My blog has been mentioned here before as an answer to questions. I can't link to one of them, because this form claims I'm a spammer. Sigh. Anyway, now I want to write the definitive blog post on drawing rotated text, so it can also be used for answers here (heh). Here is my first try:

http://www.platinumball.net/blog/2009/06/01/drawing-nsstrings-in-unusual-rotations/

That works well, it does everything I want, except for the fact that it uses CGContextSelectFont(), which limits text output to MacRoman. That is Teh Sukk.

I've been searching for an answer to this problem for almost a year now, including searching this site several times, without success. I've seen examples that seem close to what I want, but apparently I'm too stupid to bend them to my will. I'm including the main method from the NSString category I wrote, which shows the guts of what I'm doing. If you need to see the rest of the code, you can download it from the link to my blog I gave above. Thanks ...

-(void)drawAtPoint:(CGPoint)point withFont:(UIFont*)font
 orientation:(WBOrientation)orient
{
    CGContextRef       ctxt = [self contextSave];
    const std::string  tbuf = toStdString(self, NSMacOSRomanStringEncoding);
    CGAffineTransform  tran = CGAffineTransformMake(1, 0, 0, -1, 0, 0);

    switch (orient)
    {
        case WBOrientUp:
        // nothing to do
        break;

        case WBOrientDown:
        tran = CGAffineTransformRotate(tran, degreesToRadians(180.0));
        break;

        case WBOrientLeft:
        tran = CGAffineTransformRotate(tran, degreesToRadians(90.0));
        break;

        case WBOrientRight:
        tran = CGAffineTransformRotate(tran, degreesToRadians(-90.0));
        break;

        default:
        assert(false);
        break;
    }

    contextFont(ctxt, font);
    CGContextSetTextDrawingMode(ctxt, kCGTextFill);
    CGContextSetTextMatrix(ctxt, tran);
    CGContextSetTextPosition(ctxt, point.x, point.y);
    CGContextShowText(ctxt, tbuf.c_str(), tbuf.length());

    [self contextRestore:ctxt];
}
2
Allen: skimmed your blog post. You say that you need const char * s and have a hard time getting them. NSString has a method -cStringUsingEncoding: that seems to do what you need directly (see docs for memory management around it). Just FYI.Ben Zotto

2 Answers

1
votes

only a few days after i did it myself =)

this is how i solved it:

view.layer.transform = CATransform3DRotate(view.layer.transform, 3.1415, 0,0,1); // this is for 180 degrees.
1
votes

Set the CGContext as the current graphics context using the UIGraphicsPushContext function, then draw the string using UIKit, then pop the context back off the stack using the UIGraphicsPopContext function.
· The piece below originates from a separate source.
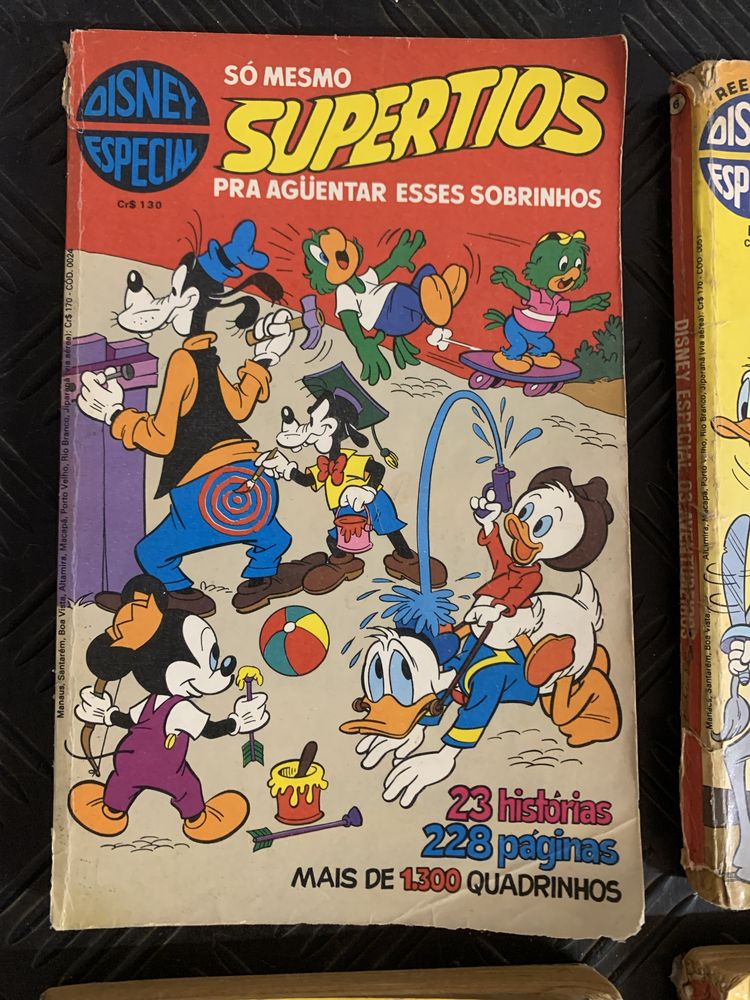 Lote disney especial editora Abril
The AppKit (Mac) solution is essentially the same, using NSGraphicsContext for step 1 and AppKit's NSString additions for step 2. For window contexts in -[NSView drawRect:], step 3 goes away (you would obtain the CGContext from the NSGraphicsPort in step 1, meaning it's already set); for other contexts, such as bitmap or PDF contexts, you would use the same NSGraphicsPort method (setCurrentContext:) in both step 1 and step 3.